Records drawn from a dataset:
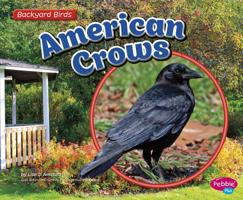 American Crows 1491485159 Book Cover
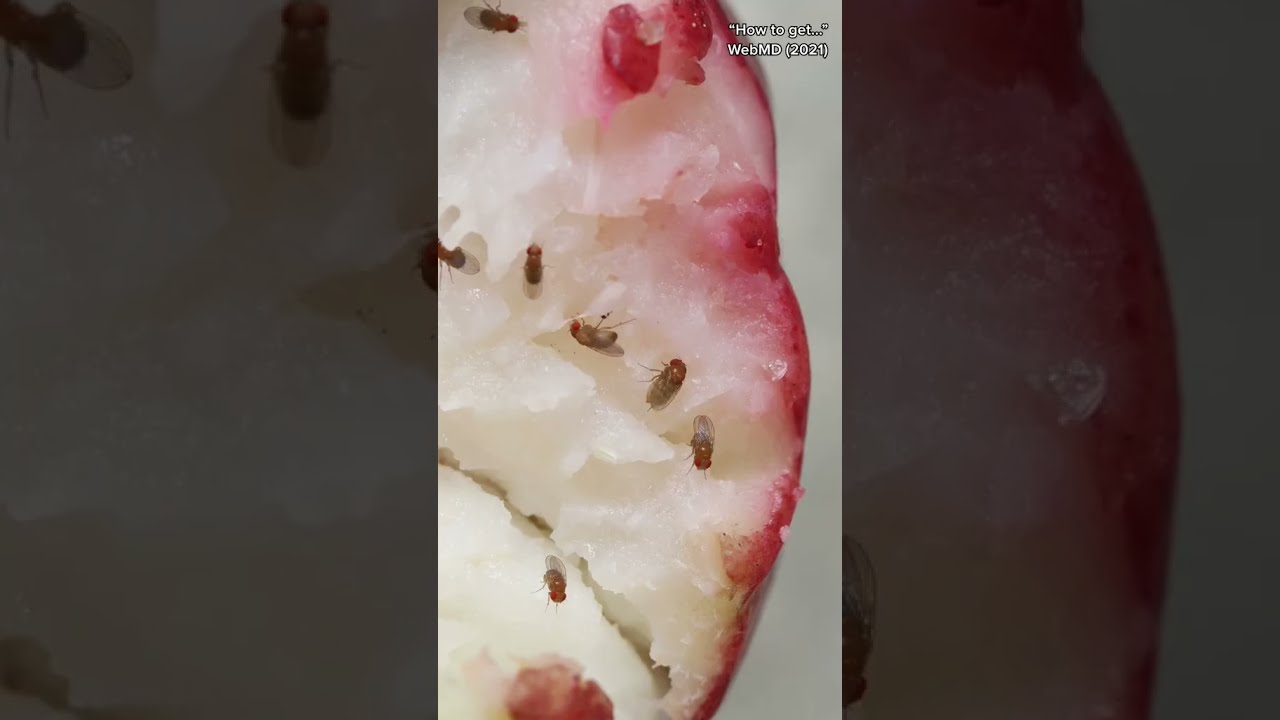 The Fruit Fly Hack That Actually Works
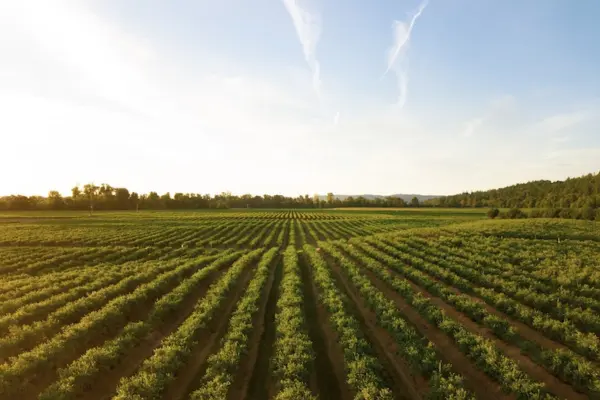 universities fighting world hunger virtual summit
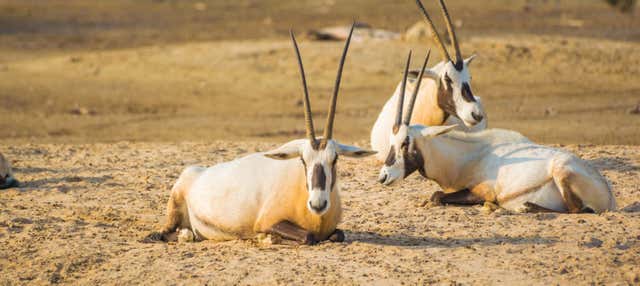Excursão privada ao deserto de Sakhir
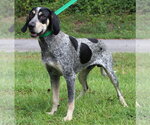 Small Bluetick Coonhound Mix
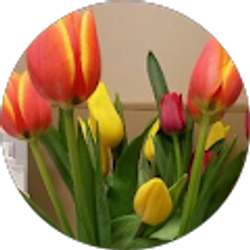 Profile photo of Jenny Gonzalez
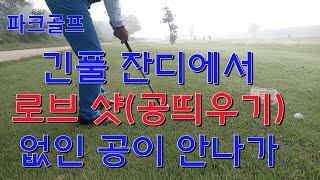 파크골프(park golf) 페어웨이 잔디에서 로브 샷 하는 요령 공띄우기 방법.パークゴルフ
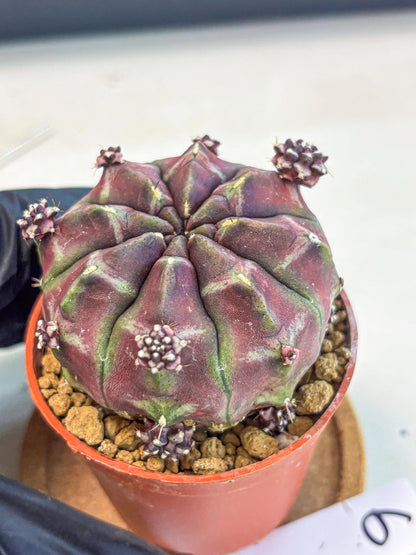 Gymnocalycium Daydream (gy7) (g6) | Rare Hybrids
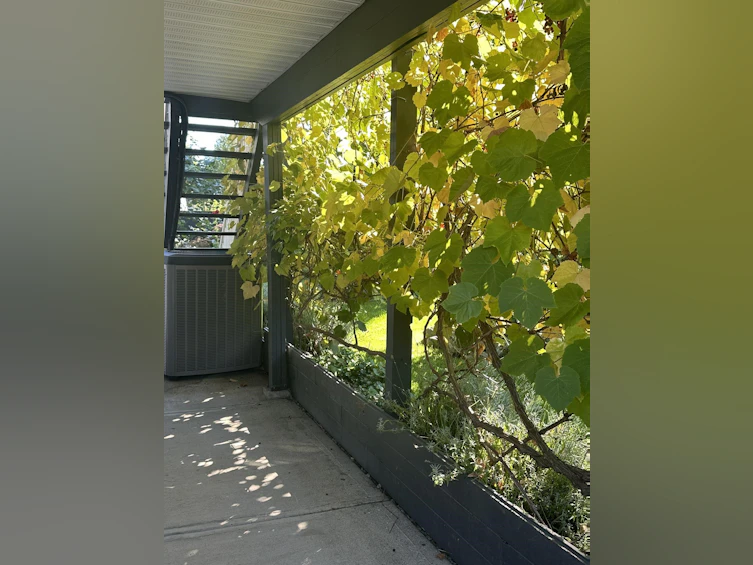 27080 27 Avenue, Langley, BC, V4W 3E7 - 33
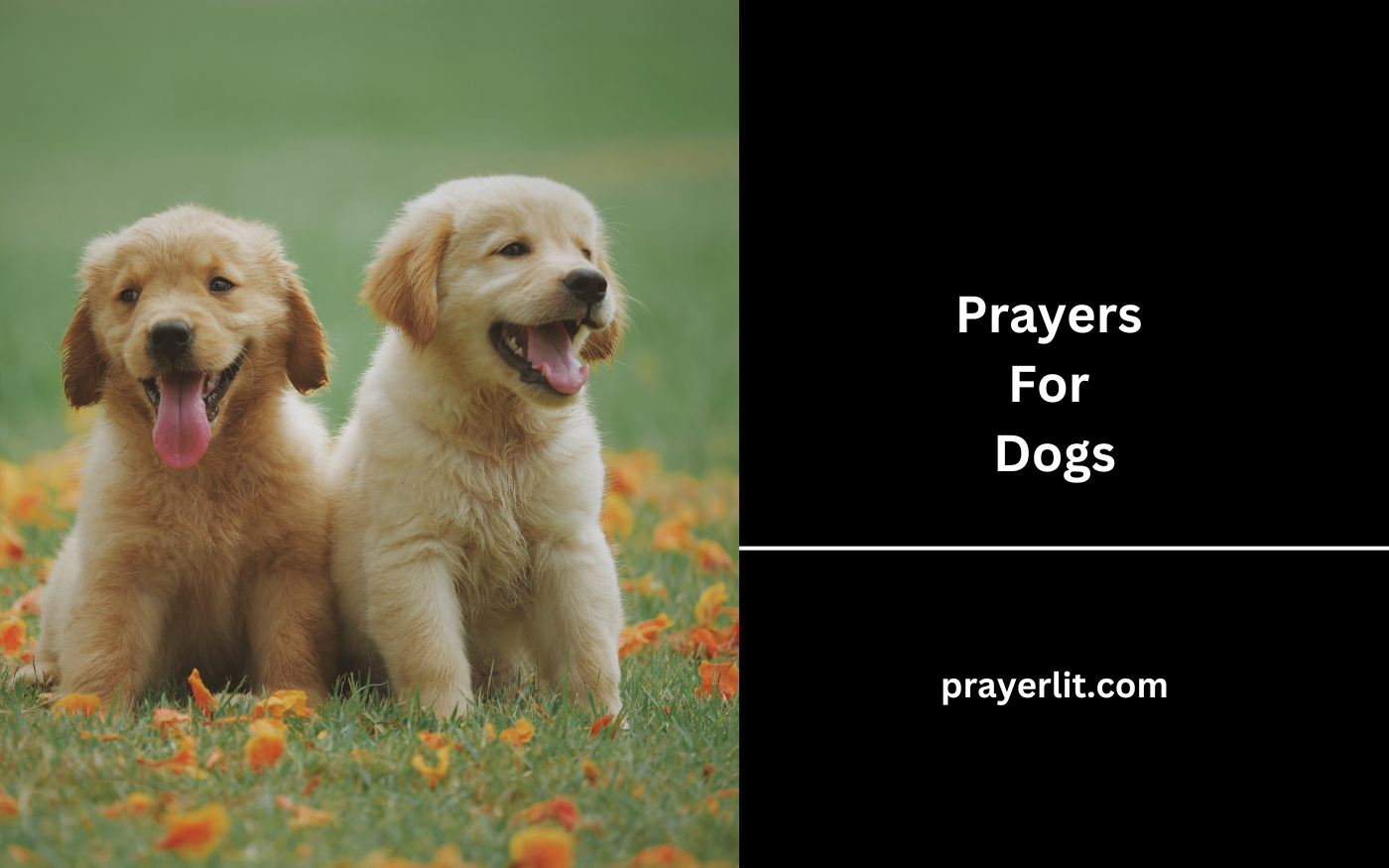 Prayers For Dogs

## [Task requirements]
Each entry is to be transcribed verbatim, and any picture in it is to be skipped.

## [Response box]
 American Crows 1491485159 Book Cover
 The Fruit Fly Hack That Actually Works
 universities fighting world hunger virtual summit
Excursão privada ao deserto de Sakhir
 Small Bluetick Coonhound Mix
 Profile photo of Jenny Gonzalez
 파크골프(park golf) 페어웨이 잔디에서 로브 샷 하는 요령 공띄우기 방법.パークゴルフ
 Gymnocalycium Daydream (gy7) (g6) | Rare Hybrids
 27080 27 Avenue, Langley, BC, V4W 3E7 - 33
 Prayers For Dogs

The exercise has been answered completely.